Work task: Your answer must be the full listing, word for word, with no images in it.

Dataset extract:
■ ■ ■ ■

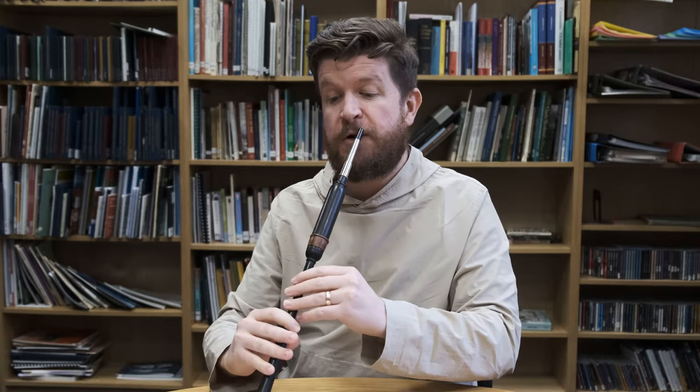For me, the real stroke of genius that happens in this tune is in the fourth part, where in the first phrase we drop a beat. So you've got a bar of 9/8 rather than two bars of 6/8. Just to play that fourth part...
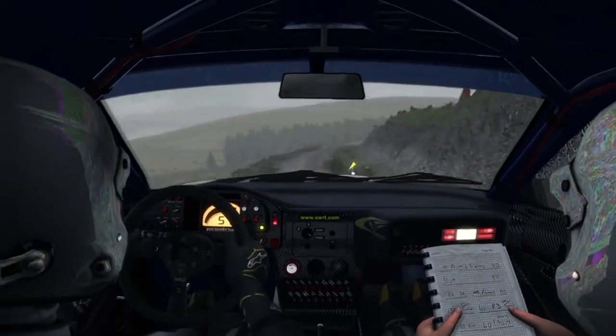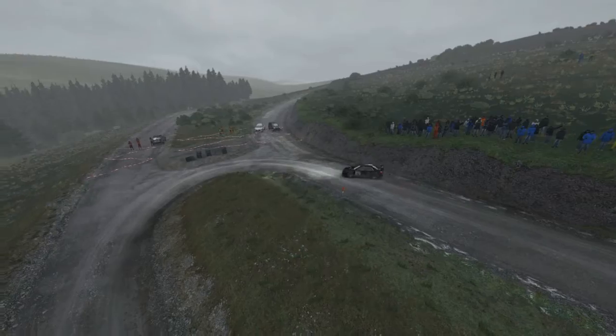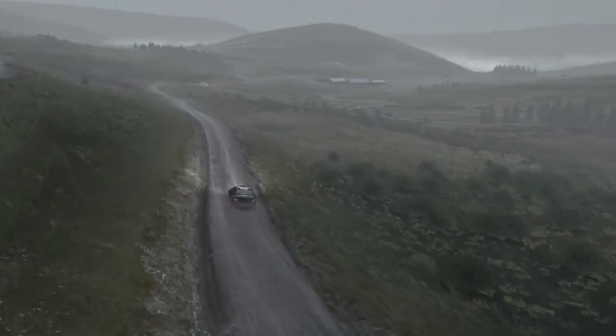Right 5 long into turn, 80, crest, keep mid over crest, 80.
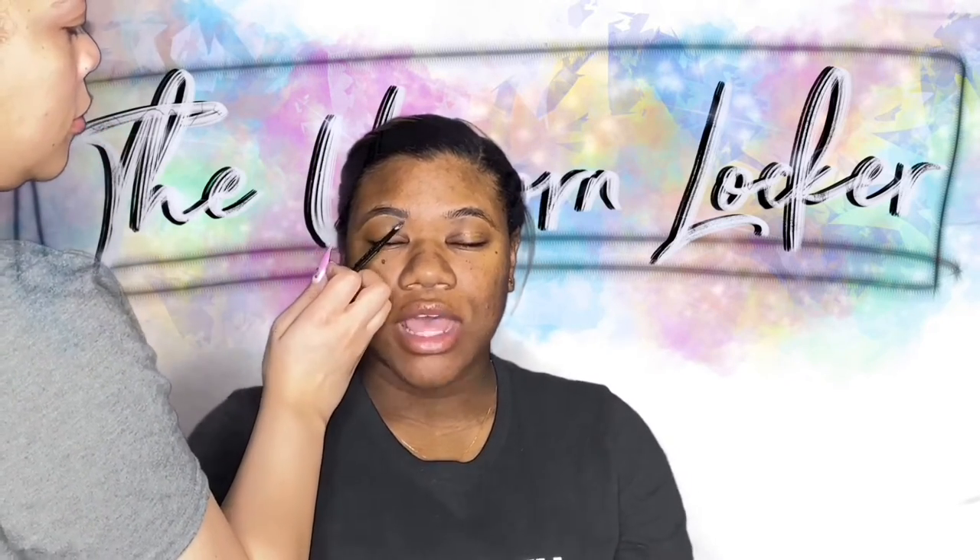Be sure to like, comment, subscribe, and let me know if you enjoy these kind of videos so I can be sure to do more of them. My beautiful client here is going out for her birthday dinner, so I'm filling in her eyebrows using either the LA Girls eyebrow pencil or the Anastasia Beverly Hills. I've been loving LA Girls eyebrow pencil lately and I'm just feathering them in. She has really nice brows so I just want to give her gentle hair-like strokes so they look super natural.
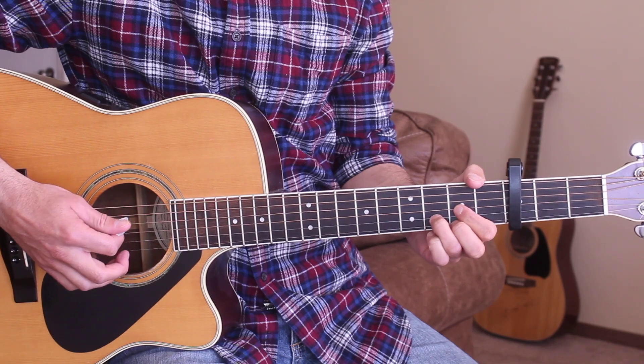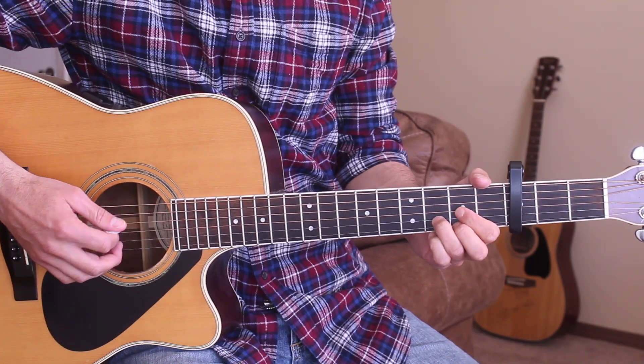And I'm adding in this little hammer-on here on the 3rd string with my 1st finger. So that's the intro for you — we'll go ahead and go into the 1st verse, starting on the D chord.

■ ■ ■ ■

Problem solution:
For me, the real stroke of genius that happens in this tune is in the fourth part, where in the first phrase we drop a beat. So you've got a bar of 9/8 rather than two bars of 6/8. Just to play that fourth part...
Right 5 long into turn, 80, crest, keep mid over crest, 80.
Be sure to like, comment, subscribe, and let me know if you enjoy these kind of videos so I can be sure to do more of them. My beautiful client here is going out for her birthday dinner, so I'm filling in her eyebrows using either the LA Girls eyebrow pencil or the Anastasia Beverly Hills. I've been loving LA Girls eyebrow pencil lately and I'm just feathering them in. She has really nice brows so I just want to give her gentle hair-like strokes so they look super natural.
And I'm adding in this little hammer-on here on the 3rd string with my 1st finger. So that's the intro for you — we'll go ahead and go into the 1st verse, starting on the D chord.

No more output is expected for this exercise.